Question

At temperature T, compound AB2 dissociates as \( AB_2 \rightleftharpoons A + \frac{1}{2} B_2 \), having degree of dissociation \( x \) (small compared to unity). The correct expression for \( x \) in terms of \( K_p \) and \( p \) is:

• A. \( \frac{p}{K_p p} \)
• B. \( \frac{2 K_p}{p} \)
• C. $\sqrt[3]{\frac{2 K_p^2}{p}}$
• D. \( \frac{2 K_p^2}{p} \)

Hint:

For dissociation reactions, the degree of dissociation can be found using the equilibrium constant and the initial concentration or pressure of the species.

Answer 1

The Correct Option is C

The objective is to determine the degree of dissociation, denoted by $x$, as a function of the equilibrium constant $K_p$ and the total pressure $p$ for the specified reaction.

1. Equilibrium Analysis:
The reaction in question is $AB_{2(g)} \rightleftharpoons AB_{(g)} + \frac{1}{2} B_{2(g)}$. An ICE (Initial, Change, Equilibrium) table will be employed to establish relationships between initial pressures, pressure changes due to dissociation, and equilibrium partial pressures.

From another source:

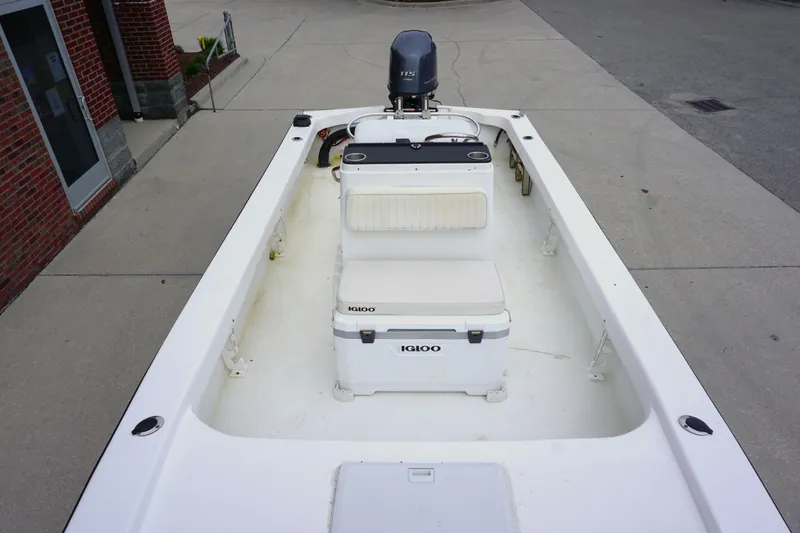 Slide: The Image of 2005 Twin Vee 19 boat interior with Igloo cooler and outboard motor. - 5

2. ICE Table Construction:
Let the initial pressure of $AB_2$ be $p_0$.

| | $AB_{2(g)}$ | $AB_{(g)}$ | $B_{2(g)}$ | | :---------- | :---------- | :-------- | :---------------- | | Initial | $p_0$ | $0$ | $0$ | | Change | $-xp_0$ | $+xp_0$ | $+\frac{1}{2}xp_0$ | | Equilibrium | $p_0(1-x)$ | $xp_0$ | $\frac{1}{2}xp_0$ |

3. Total Equilibrium Pressure:
The total pressure $p$ at equilibrium is the sum of all partial pressures: $p = p_0(1-x) + xp_0 + \frac{1}{2}xp_0 = p_0(1 + \frac{1}{2}x)$
Given that $x \ll 1$, we can approximate $p \approx p_0$.

4. $K_p$ Expression in Partial Pressures:
The equilibrium constant $K_p$ is defined as: $K_p = \frac{P_{AB} \cdot (P_{B_2})^{1/2}}{P_{AB_2}} = \frac{(xp_0) \cdot (\frac{1}{2}xp_0)^{1/2}}{p_0(1-x)}$

5. Expression Simplification:
Applying the approximation $(1-x) \approx 1$ for $x \ll 1$: $K_p \approx \frac{(xp_0) \cdot (\frac{1}{\sqrt{2}}\sqrt{x}\sqrt{p_0})}{p_0} = \frac{x^{3/2}p_0^{3/2}}{\sqrt{2}p_0} = \frac{x^{3/2}\sqrt{p_0}}{\sqrt{2}}$
Using the approximation $p \approx p_0$, we get $K_p \approx \frac{x^{3/2}\sqrt{p}}{\sqrt{2}}$.

6. Solving for $x$:
Rearranging the simplified $K_p$ expression to solve for $x$: $x^{3/2} = \frac{\sqrt{2}K_p}{\sqrt{p}}$
Raising both sides to the power of $2/3$: $x = \left(\frac{\sqrt{2}K_p}{\sqrt{p}}\right)^{2/3} = \left(\frac{2K_p^2}{p}\right)^{1/3} = \sqrt[3]{\frac{2K_p^2}{p}}$

Final Result:
The degree of dissociation $x$ is expressed as $\sqrt[3]{\frac{2 K_p^2}{p}}$.